The barbaric obliteration of Mariupol stunned people of all ages. It was unforgivable. Above all, it convinced Ukrainians who were in any doubt that the Kremlin would stop at nothing to conquer their land — even genocide. …
On the pretence of rooting out resistance cells, the soldiers break down doors and march into houses at any hour. They torture and rape the inhabitants, and kill them. Property is destroyed or looted. These are not isolated incidents. It is going on all over Kherson — every day, every night. The anger this unleashes in all the inhabitants, including the very youngest, is palpable. …

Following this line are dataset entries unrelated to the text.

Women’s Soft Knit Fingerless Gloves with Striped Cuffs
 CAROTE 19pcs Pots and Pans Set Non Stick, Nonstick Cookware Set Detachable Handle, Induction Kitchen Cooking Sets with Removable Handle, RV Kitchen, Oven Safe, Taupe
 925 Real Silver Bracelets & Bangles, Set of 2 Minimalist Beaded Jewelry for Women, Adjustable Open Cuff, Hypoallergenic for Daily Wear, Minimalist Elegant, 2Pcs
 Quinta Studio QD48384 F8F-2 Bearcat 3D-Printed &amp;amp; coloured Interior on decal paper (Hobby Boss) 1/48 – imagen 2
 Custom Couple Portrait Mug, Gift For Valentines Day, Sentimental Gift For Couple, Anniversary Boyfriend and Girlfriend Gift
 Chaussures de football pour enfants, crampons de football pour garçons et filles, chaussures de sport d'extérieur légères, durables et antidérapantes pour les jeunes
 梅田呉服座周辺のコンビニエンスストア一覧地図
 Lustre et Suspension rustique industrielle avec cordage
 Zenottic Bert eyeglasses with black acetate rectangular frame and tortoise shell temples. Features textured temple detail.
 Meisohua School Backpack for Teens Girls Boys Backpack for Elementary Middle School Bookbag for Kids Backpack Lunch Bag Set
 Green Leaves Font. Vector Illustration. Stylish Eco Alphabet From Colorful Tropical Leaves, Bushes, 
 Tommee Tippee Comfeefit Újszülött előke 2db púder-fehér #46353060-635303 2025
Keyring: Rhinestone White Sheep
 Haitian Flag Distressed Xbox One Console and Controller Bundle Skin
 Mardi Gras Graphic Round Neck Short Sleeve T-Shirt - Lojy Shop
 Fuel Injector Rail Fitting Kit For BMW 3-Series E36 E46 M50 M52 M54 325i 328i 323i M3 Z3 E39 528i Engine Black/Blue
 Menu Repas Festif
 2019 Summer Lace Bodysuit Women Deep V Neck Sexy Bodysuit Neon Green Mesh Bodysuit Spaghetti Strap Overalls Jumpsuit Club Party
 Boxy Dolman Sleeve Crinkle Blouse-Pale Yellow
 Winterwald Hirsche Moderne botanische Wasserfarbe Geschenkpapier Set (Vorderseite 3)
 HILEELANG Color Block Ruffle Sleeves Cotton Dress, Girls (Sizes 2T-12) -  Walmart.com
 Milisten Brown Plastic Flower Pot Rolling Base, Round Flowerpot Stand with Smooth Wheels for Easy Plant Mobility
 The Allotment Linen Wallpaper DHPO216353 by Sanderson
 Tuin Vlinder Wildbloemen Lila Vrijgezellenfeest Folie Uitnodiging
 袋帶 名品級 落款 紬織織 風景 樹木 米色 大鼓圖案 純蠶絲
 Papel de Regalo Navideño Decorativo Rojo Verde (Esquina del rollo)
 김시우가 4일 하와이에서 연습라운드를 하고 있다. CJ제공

Special hatred is reserved for collaborators, those who assist the Russians. They are killed by the resistance, but not before their death sentence has been publicly proclaimed. Photocopied leaflets, printed in secret, are distributed throughout the city. Faces of suspected collaborators are reproduced from grainy photographs, and their names exposed. The last hours for those condemned must be sheer terror. …
Both sides now live in constant terror of what their enemy will do.
The Russians know they have only the most precarious hold on Kherson and will probably be driven out in the end, whether that takes weeks or years. Ukrainian surrender is never going to happen.
That is why Putin’s soldiers are using incinerators. Mass graves leave behind evidence of war crimes. By burning the bodies, they destroy the evidence. …
Imagine being a Russian soldier:
British defence secretary Ben Wallace warned back in February, before the invasion, that this could be Russia’s unofficial policy. The Ministry of Defence released footage of a mobile crematorium, mounted on a lorry …
‘Being a soldier, knowing that trundling behind you is a way to evaporate you if you are killed in battle probably says everything you need to know about the Russian regime.’ …
Bottom line:
However the Russians try to disguise it, this is mass murder of civilians on a scale not seen in Europe since World War II.
There are too many reports like this — it’s not just propaganda. It aligns with Russian atrocities of last century all too well.
The Russian way of war has always been brutal, perhaps as part of their Mongol legacy. In this century, however, it is not going to win them any friends because it is completely unacceptable.